マネジメント課題解決のためのメディアプラットホーム「識学総研(https://souken.shikigaku.jp)」が、ビジネスの最前線の用語や問題を解説するシリーズ。今回は、「老害」と呼ばれるやっかいな社員を生まないための仕組みづくりについて考察します。
はじめに
間違いを認めない、昔話がくどいなど、周囲を不快にさせる高齢層を、近年では「老害」と呼ぶことがあり、中には40~50代の人が該当するケースもあります。では、このような人を組織内で生み出さないためには、「どのような仕組みやマネジメントをする必要があるのでしょうか。また、現状そのような人がいる場合は、どのような対応をすることが正しいかについて考察していきます。
「老害」とは?
組織の中で高齢メンバーが、自らの成功体験を後ろ盾に、下の世代のメンバーに自身の価値観を押し付ける行動を「老害」と言います。その結果、自分より若い世代に迷惑をかける、または周囲を不愉快にします。そのほか、年齢や経験を盾に実権を握り続ける人や、周囲の意見を聞かず迷惑をかける高齢者のことを指す場合もあります。
【具体的な行動】
・自分の考えや価値観を押し付ける
・高圧的な態度をとり、理不尽で怒りやすい
・昔話ばかりする(過去の武勇伝、成功体験)
・相手の話を聞かない
・新しいものを否定する
・話が長い(言いたいことを、ダラダラと話し続ける)
・セクハラ、パワハラなど、ハラスメントの意識が低い など
【老害による弊害】
・労働意欲や生産性が低下する
・モチベーションが下がる(部下や若手、後進が疲弊する)
・定着率が下がる(離職、異動願い、休職率が高まる)
・「あの人と一緒に働きたくない」という声が頻発する など
高齢メンバーが有益な存在となるために必要な2つのポイント
組織の中の高齢メンバーは、年齢や知識、経験値が豊富です。よって、マウント(相手よりも優位であることのアピールや、威圧的な態度をとる行為)を自然と取り易いのが実情です。ここで重要になるのは、自身の「立ち位置の理解(関係性)」と、「コミュニケーションの取り方」を正しく知ることが重要です。
正しい立ち位置を理解する
会社というコミュニティの上下関係は、上司は指揮命令者で、部下は実働者の役割であり、上司部下の違いは「責任の大きさ」のみです。そこに、年齢は考慮されるものではありません。上司には上司の、部下には部下の立ち位置があり、共に求められるのは成果を出すことです。

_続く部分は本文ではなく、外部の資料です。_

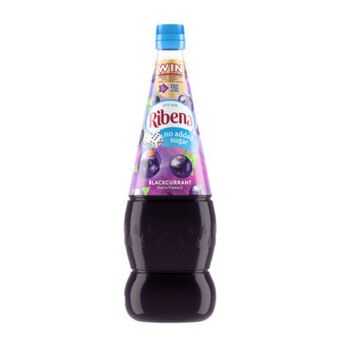 Asda Ribena Light No Added Sugar Blackcurrant Squash offer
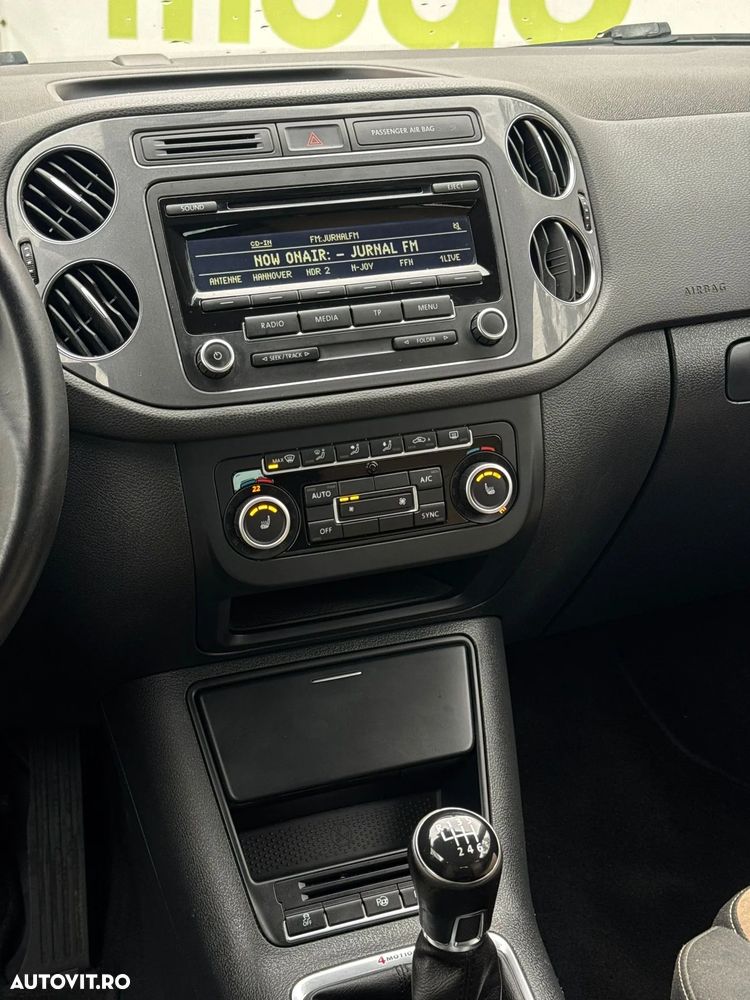 VOLKSWAGEN Tiguan 2013 — imagine 77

また、人にはそれぞれ自分の価値観があります。上司だからといって自分の考えや価値観を押し付けると、部下は「説明コストが高くて無理」(「言うメリット」<「言わないメリット」)となり、組織が硬直します。そして、多くは言われるがまま、上司の顔色を見て動くようになります。
そのため、「KGI=売上、利益など」、「KPI=客数、単価、頻度など」の基準を明確にし、事実で管理できる環境を整えて、上司部下間の正しいコミュニケーションを教育することが重要です。
上司部下間の正しいコミュニケーション
週次会議を例にして、上司部下の正しいコミュニケーションを見ていきましょう。
●週次会議で「上司が知りたい」こと
今週は「どんな結果(目標)」を、「どうやって(手段)」達成するのか、ということになります。知りたいのは、変えられない「過去の話(原因追及)」ではなく、変えられる「未来の話」です。
●週次会議で「部下がすべき」こと
今週は「〇〇の結果(目標)」を、「プランA(手段)」を実行して達成する、の承認を得ることです。過去の原因分析を終え、その結果を踏まえた相談や提案を行って、次週の約束をすることになります。
例えば、以下のようなイメージです。
部下:
先週は「目標10件」に対して「結果8件」、「未達2件」。「原因は××」です。
今週は「目標10件」に対して「プランA」で達成します。「根拠は〇〇」です。
よって、「プランA(提案)の承認」をお願いできますか?
上司:
承認または非承認を行う。
他に困っていること(欲しい権限やルール変更案)を確認し、 言い訳を取ってあげる。
(何がたりないのか? 何があればできるのか? を導き出す)
先輩・後輩・同僚間の関係性とは?
会社というコミュニティでは、役職が同じ先輩・後輩・同僚は同列関係であり、上下関係ではないので、できるのはアドバイスまで、となります。アドバイスを受け取った側は、実行するか否かは自身で判断する必要があります。
●情報の信ぴょう性について考えて発信する
自分の考えや価値観、昔話ばかりする(過去の武勇伝、成功体験)は注意が必要です。ビジネスでは、昔と今とでは環境が大きく異なるため、「私の若い時は(今から30年前)」の話をされても再現性が不明なため、客観的な事実(今も自分がやっていて、成果が出ている。もしくは、今も他人がやっていて成果が出ている、など)を添えて、相手にとって有益な情報に整理して、提供することが重要です。
まとめ
老害にならないためには、自身の「立ち位置の理解(関係性)」と、「コミュニケーションの取り方」を正しく知ることがもっとも重要です。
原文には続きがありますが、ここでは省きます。